Canadian Destroyers are a powerful move that should end a match because falling on your head in reality, in general, can be devastating.
Package Piledrivers are a step up from regular piledrivers and should be powerful enough to end matches.
Cheer for the underdogs. Support the underdogs. The underdogs don’t have to win it all most of the time. Underdogs are always dealing with doubt but their persistent makes them achieve so much more. If an underdog character always wins and has to push the “broken body” story, then…they aren’t an underdog character.
Having work rate (many matches or title defenses back-to-back with random opponents that don’t truly set up stories or don’t continue stories) doesn’t equal good quality matches (the high majority don’t even remember those matches) because in AEW, wrestlers need to one-up each other and one-up their previous matches even if the matches aren’t strung together like a storyboard or movie. That’s a bad formula because every wrestler is different, every wrestler’s story that’s trying to be told is different, and so there’s nothing different between all the wrestling acts to attract new viewers and even the day one AEW fans (like me) to bring back.

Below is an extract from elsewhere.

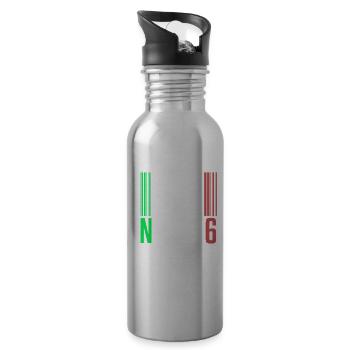 1N23456 Motorcycle Gear One Down Five Up Barcode - Water bottle with straw - silver - Right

Indie match set-ups should be left on the indies. AEW is on cable now. Put on cable episodic worthy wrestling.
Conclusion
Use the Fighting Spirit to tell warrior in-ring stories rather than gymnastics that completely tell the world that your sport is nonsense. Sometimes trying new things can work but if it’s so out of the box that’ll leave most fans scratching their heads and questioning it more than the match itself or even overshadowing everything you’ve worked hard on — then it’s back to the drawing board. Wrestlers are concerned about getting that GIF, getting those 15 minutes of high spot recorded video fame where the internet talks about it, getting that rub, rather than focusing telling us a compelling story though the art of wrestling to keep us coming back next week or even next month in regard to indie wrestling. Don’t fix things that aren’t broken to make moments that don’t last in wrestling history.

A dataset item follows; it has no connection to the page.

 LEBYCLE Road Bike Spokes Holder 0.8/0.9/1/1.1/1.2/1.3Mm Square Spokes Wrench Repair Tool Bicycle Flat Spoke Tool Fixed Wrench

Think about story both in and out of the ring.
Think about moves — what’s important for the overall in-ring story and maybe out of the ring story like post-match promos, which moves are important for your babyface character, which moves are important for your heel — remember it’s a team effort that needs to make sense and lift each other.
Hey friends! Thanks for reading this Tape Study write up focusing on Canadian Destroyer. Hope it’s valuable. Any comments, questions, thoughts, concerns, ideas for the next Tape Study please reply with a comment or email squaredcirclepodcast@outlook.com.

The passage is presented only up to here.